So how much do you need to pay in estimated taxes? Keep in mind that this is based on your complete tax situation. For example, if your business produces losses, then you probably owe nothing. Or, if you have a side job — or your spouse is employed — there may already be enough taxes withheld.
But, you will probably need to pay estimated taxes if you meet the following:
- You owed taxes last year
- You expect to owe at least $1,000 in taxes this year
If so, there are several ways to come up with the amount for estimated taxes:
Prior Year Amount: You pay the same amount as you did last year. But this really works for those whose AGI is no more than $150,000.
Example: Last year, you paid $12,000 in taxes. So as for this year, you will pay $3,000 per month in estimated taxes ($12,000 divided by four quarters).
What if you owe more taxes for the tax year? In this case, you do not owe interest or penalties since you can make up for the excess amount by April 15th.

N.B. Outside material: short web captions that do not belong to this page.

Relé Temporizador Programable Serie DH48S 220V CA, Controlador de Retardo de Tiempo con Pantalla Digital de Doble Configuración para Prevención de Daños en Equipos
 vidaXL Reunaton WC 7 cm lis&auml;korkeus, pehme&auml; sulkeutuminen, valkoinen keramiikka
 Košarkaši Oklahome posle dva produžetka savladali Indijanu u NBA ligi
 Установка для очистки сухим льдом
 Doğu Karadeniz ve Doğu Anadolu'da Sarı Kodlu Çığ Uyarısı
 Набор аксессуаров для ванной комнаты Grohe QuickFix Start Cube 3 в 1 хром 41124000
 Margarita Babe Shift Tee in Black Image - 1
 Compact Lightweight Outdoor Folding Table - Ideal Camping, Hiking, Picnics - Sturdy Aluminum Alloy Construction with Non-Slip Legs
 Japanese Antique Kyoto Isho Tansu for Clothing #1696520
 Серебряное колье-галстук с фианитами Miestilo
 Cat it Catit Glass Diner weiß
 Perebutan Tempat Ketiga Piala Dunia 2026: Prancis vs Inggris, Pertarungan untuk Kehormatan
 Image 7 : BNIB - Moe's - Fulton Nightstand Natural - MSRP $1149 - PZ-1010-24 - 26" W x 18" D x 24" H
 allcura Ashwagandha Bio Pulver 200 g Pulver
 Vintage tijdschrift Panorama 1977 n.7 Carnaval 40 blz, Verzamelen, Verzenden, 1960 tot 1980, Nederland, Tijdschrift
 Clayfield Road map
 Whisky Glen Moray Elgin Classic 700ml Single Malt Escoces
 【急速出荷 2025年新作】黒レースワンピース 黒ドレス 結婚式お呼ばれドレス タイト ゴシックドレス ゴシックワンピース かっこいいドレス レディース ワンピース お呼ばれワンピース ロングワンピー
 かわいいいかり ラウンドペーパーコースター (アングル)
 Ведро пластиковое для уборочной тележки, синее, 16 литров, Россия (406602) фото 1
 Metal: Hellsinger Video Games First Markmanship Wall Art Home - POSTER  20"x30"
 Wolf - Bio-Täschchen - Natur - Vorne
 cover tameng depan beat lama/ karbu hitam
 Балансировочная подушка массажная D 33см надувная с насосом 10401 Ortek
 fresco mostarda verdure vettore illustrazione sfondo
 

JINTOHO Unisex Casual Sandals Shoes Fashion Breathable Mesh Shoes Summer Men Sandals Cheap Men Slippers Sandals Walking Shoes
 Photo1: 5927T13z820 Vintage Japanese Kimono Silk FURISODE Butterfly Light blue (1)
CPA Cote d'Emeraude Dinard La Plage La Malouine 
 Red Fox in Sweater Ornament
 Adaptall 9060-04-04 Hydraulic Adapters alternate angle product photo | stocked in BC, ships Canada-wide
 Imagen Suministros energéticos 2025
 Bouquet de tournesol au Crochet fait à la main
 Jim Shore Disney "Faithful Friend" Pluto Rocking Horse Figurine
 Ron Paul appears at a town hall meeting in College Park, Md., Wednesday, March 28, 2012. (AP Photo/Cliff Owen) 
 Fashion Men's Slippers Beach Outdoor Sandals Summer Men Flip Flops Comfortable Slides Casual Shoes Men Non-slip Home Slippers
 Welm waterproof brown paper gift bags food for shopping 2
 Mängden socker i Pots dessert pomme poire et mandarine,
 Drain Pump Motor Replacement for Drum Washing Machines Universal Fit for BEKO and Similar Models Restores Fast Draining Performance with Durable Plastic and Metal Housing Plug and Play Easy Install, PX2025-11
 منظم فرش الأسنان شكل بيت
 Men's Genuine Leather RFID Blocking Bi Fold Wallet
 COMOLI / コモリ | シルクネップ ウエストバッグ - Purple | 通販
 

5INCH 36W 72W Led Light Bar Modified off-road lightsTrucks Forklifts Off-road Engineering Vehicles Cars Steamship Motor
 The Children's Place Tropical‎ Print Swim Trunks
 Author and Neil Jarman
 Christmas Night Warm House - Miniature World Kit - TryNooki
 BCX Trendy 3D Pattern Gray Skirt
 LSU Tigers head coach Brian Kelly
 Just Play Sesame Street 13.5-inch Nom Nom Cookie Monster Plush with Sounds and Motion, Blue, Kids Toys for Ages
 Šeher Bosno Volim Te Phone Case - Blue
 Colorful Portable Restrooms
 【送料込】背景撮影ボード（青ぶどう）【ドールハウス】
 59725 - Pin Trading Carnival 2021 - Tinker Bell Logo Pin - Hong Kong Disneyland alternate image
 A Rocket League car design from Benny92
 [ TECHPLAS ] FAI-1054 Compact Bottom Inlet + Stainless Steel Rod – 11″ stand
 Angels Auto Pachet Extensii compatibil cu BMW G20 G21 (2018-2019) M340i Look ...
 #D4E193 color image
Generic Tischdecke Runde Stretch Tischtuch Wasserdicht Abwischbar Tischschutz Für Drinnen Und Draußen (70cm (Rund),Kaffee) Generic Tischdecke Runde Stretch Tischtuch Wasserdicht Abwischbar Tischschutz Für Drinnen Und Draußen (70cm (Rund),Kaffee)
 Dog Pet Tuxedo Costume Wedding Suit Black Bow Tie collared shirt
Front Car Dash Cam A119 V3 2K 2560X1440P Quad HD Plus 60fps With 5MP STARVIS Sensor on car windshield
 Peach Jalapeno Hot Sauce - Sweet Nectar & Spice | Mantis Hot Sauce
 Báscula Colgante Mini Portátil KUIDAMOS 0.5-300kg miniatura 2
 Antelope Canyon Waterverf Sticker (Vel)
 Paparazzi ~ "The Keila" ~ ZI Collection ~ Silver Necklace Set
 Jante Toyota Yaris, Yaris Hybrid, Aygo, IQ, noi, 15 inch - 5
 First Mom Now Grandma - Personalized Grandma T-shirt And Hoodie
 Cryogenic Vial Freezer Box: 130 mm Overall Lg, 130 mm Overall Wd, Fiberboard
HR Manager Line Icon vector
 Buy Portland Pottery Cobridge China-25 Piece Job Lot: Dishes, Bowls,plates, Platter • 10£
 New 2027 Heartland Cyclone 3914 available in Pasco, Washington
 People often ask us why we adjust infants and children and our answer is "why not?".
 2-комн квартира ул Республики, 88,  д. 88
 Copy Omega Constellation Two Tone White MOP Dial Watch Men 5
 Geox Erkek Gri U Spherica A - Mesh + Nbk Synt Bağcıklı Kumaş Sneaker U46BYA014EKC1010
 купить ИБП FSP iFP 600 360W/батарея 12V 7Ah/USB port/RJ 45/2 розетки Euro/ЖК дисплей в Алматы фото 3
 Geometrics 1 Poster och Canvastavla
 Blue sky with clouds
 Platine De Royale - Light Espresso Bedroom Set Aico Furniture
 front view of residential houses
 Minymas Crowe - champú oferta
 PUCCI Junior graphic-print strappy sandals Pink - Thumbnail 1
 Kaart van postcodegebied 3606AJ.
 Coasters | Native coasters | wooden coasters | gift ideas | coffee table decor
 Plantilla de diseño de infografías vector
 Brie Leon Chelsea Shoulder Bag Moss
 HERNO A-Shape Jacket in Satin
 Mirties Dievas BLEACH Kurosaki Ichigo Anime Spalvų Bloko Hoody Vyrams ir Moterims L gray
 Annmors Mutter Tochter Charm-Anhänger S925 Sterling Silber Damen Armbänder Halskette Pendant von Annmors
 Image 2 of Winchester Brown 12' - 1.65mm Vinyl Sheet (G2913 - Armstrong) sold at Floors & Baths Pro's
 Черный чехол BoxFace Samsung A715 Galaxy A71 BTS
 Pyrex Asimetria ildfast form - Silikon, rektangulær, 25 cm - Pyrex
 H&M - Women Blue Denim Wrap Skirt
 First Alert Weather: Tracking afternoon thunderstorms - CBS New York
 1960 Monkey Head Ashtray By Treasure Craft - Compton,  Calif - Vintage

90% Method: If you think that your income will be less this year, then you can pay 90% of last year’s tax liability. But, this will not work if you owe more than $1,000 and wind up actually paying less than 90%. You will likely owe interest and penalties.
Complex Method: For those with irregular income, this may be the best approach. Basically, this involves recalculating your taxes every quarter and making the necessary payments (this is something Taulli.com can help you out with).
Deadlines and Forms
The deadlines for making estimated tax payments include:
- Quarter 1: April 15th
- Quarter 2: June 15th
- Quarter 3: September 15th
- Quarter 4: January 15th
You will need to send a check with a voucher for each deadline (see Form 1040-ES for this process).
Side Business
Interestingly enough, if you have a side business, then you might instead want to increase the withholding with your employer. This may mean it’s unnecessary to pay estimated taxes.
To do this, you need to fill out a Form W-4 and submit it to your employer. On this form, you can indicate how much extra — per paycheck — you want taken out.